Use boost::algorithm::join(..):

#include <boost/algorithm/string/join.hpp>
...
std::string joinedString = boost::algorithm::join(elems, delim);

See also this question.

Answer 2

std::vector<std::string> strings;

const char* const delim = ", ";

std::ostringstream imploded;
std::copy(strings.begin(), strings.end(),
           std::ostream_iterator<std::string>(imploded, delim));

(include <string>, <vector>, <sstream> and <iterator>)

If you want to have a clean end (no trailing delimiter) have a look here

Answer 3

You should use std::ostringstream rather than std::string to build the output (then you can call its str() method at the end to get a string, so your interface need not change, only the temporary s).

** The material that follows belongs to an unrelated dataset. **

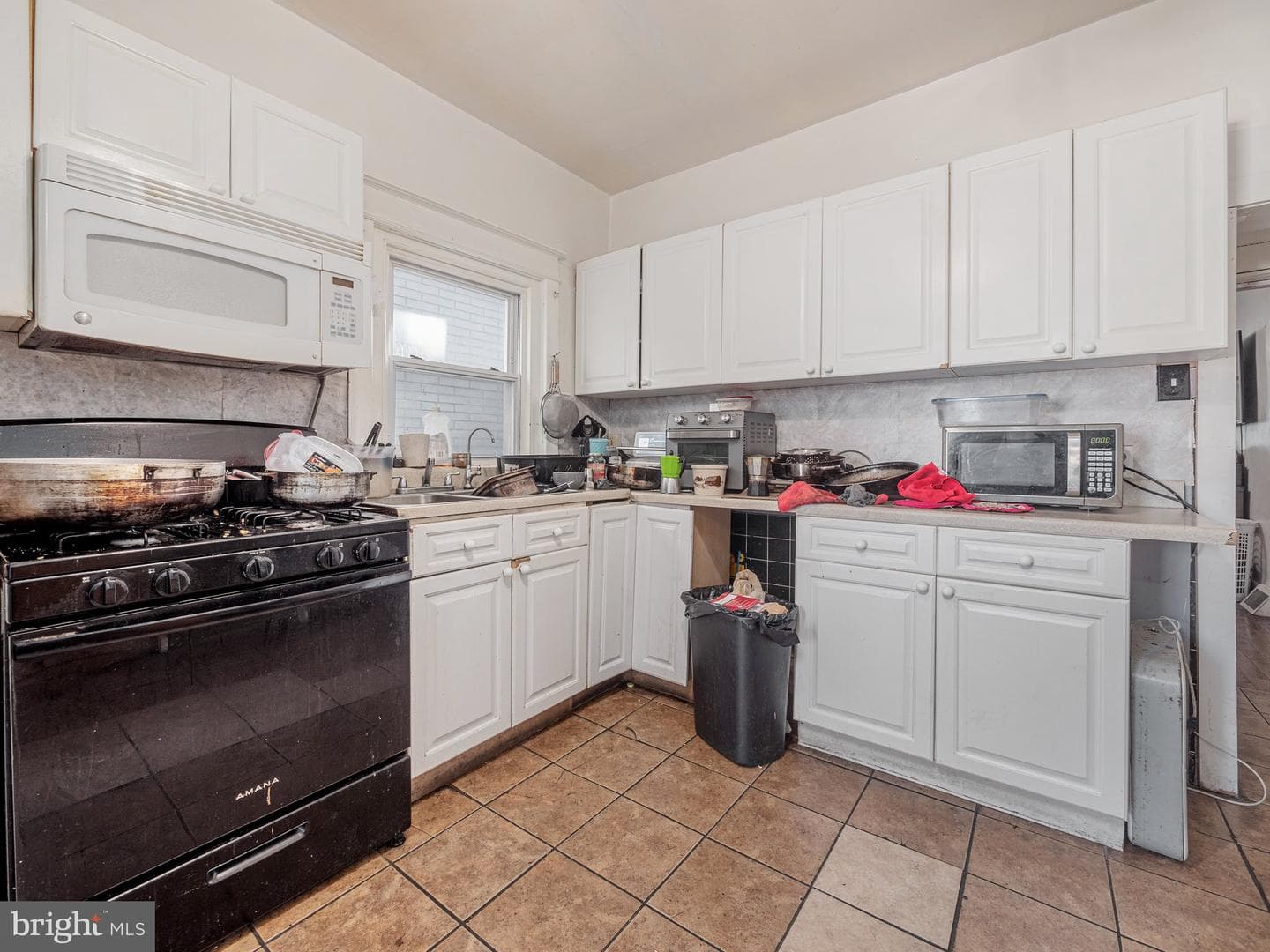 719 W Whitehall Street photo 8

From there, you could change to using std::ostream_iterator, like so:

copy(elems.begin(), elems.end(), ostream_iterator<string>(s, delim)); 

But this has two problems:

1. delim now needs to be a const char*, rather than a single char. No big deal.
2. std::ostream_iterator writes the delimiter after every single element, including the last. So you'd either need to erase the last one at the end, or write your own version of the iterator which doesn't have this annoyance. It'd be worth doing the latter if you have a lot of code that needs things like this; otherwise the whole mess might be best avoided (i.e. use ostringstream but not ostream_iterator).

Answer 4

I like to use this one-liner accumulate (no trailing delimiter):

(std::accumulate defined in <numeric>)

std::accumulate(
    std::next(elems.begin()), 
    elems.end(), 
    elems[0], 
    [](std::string a, std::string b) {
        return a + delimiter + b;
    }
);

Answer 5

Because I love one-liners (they are very useful for all kinds of weird stuff, as you'll see at the end), here's a solution using std::accumulate and C++11 lambda:

std::accumulate(alist.begin(), alist.end(), std::string(), 
    [](const std::string& a, const std::string& b) -> std::string { 
        return a + (a.length() > 0 ? "," : "") + b; 
    } )

I find this syntax useful with stream operator, where I don't want to have all kinds of weird logic out of scope from the stream operation, just to do a simple string join. Consider for example this return statement from method that formats a string using stream operators (using std;):

return (dynamic_cast<ostringstream&>(ostringstream()
    << "List content: " << endl
    << std::accumulate(alist.begin(), alist.end(), std::string(), 
        [](const std::string& a, const std::string& b) -> std::string { 
            return a + (a.length() > 0 ? "," : "") + b; 
        } ) << endl
    << "Maybe some more stuff" << endl
    )).str();

Update:

As pointed out by @plexando in the comments, the above code suffers from misbehavior when the array starts with empty strings due to the fact that the check for "first run" is missing previous runs that have resulted in no additional characters, and also - it is weird to run a check for "is first run" on all runs (i.e. the code is under-optimized).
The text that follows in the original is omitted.